Part of Advances in Neural Information Processing Systems 36 (NeurIPS 2023) Datasets and Benchmarks Track
Lasse Hansen, Nabeel Seedat, Mihaela van der Schaar, Andrija Petrovic
Synthetic data serves as an alternative in training machine learning models, particularly when real-world data is limited or inaccessible. However, ensuring that synthetic data mirrors the complex nuances of real-world data is a challenging task. This paper addresses this issue by exploring the potential of integrating data-centric AI techniques which profile the data to guide the synthetic data generation process. Moreover, we shed light on the often ignored consequences of neglecting these data profiles during synthetic data generation --- despite seemingly high statistical fidelity.

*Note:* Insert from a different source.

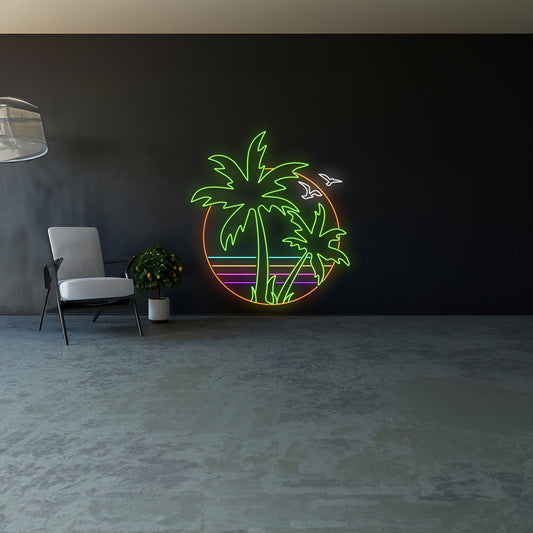 Sunset Palm Tree Led Sign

Subsequently, we propose a novel framework to evaluate the integration of data profiles to guide the creation of more representative synthetic data. In an empirical study, we evaluate the performance of five state-of-the-art models for tabular data generation on eleven distinct tabular datasets. The findings offer critical insights into the successes and limitations of current synthetic data generation techniques. Finally, we provide practical recommendations for integrating data-centric insights into the synthetic data generation process, with a specific focus on classification performance, model selection, and feature selection. This study aims to reevaluate conventional approaches to synthetic data generation and promote the application of data-centric AI techniques in improving the quality and effectiveness of synthetic data.